• WHAT TO DO:
Your task is to output the listing exactly, leaving every image out.

• DATA BELOW:
☆ ☆ ☆ ☆

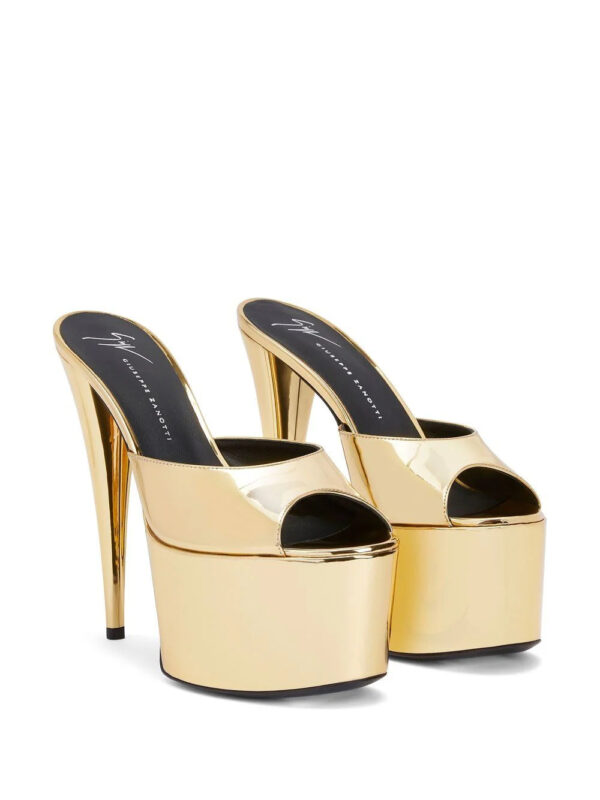 Giuseppe Zanotti  peep-toe platform sandals - Image 2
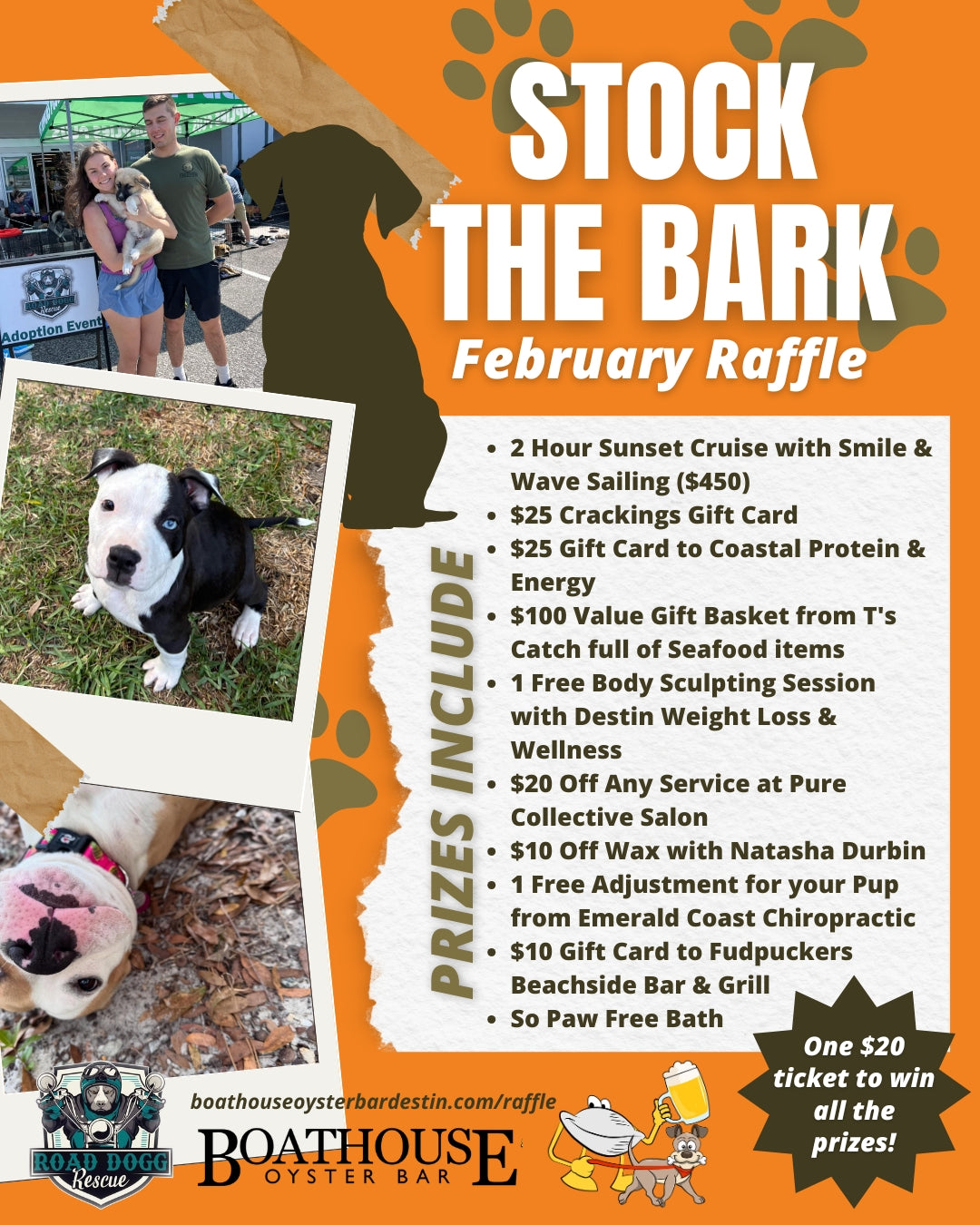 February Stock The BarK Raffle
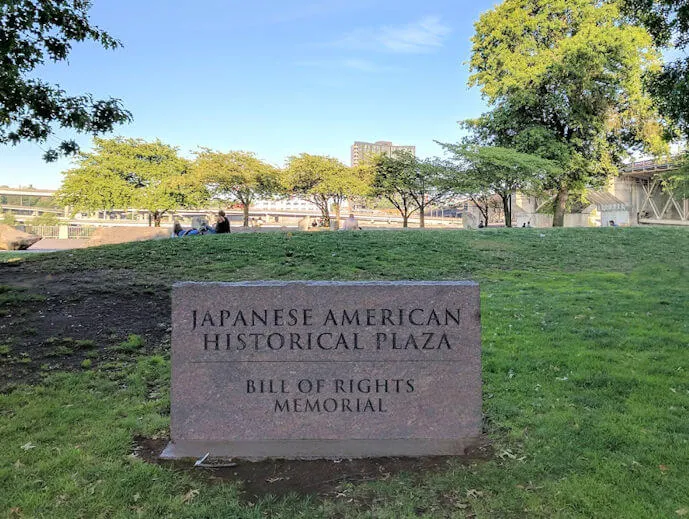 Japanese American Historical Plaza | Japanese-City.com
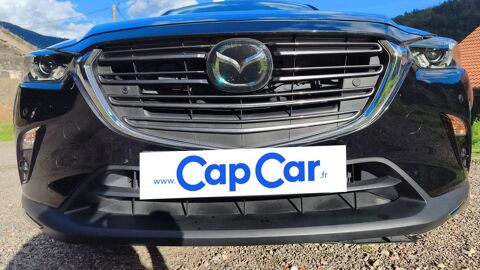 Cx-3 I 2.0 SkyActiv-G 120 2WD BVA Exclusive Edition - Automatique 2019 occasion 68550 Saint Amarin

☆ ☆ ☆ ☆

• EXPECTED ANSWER:
 Giuseppe Zanotti  peep-toe platform sandals - Image 2
 February Stock The BarK Raffle
 Japanese American Historical Plaza | Japanese-City.com
 Cx-3 I 2.0 SkyActiv-G 120 2WD BVA Exclusive Edition - Automatique 2019 occasion 68550 Saint Amarin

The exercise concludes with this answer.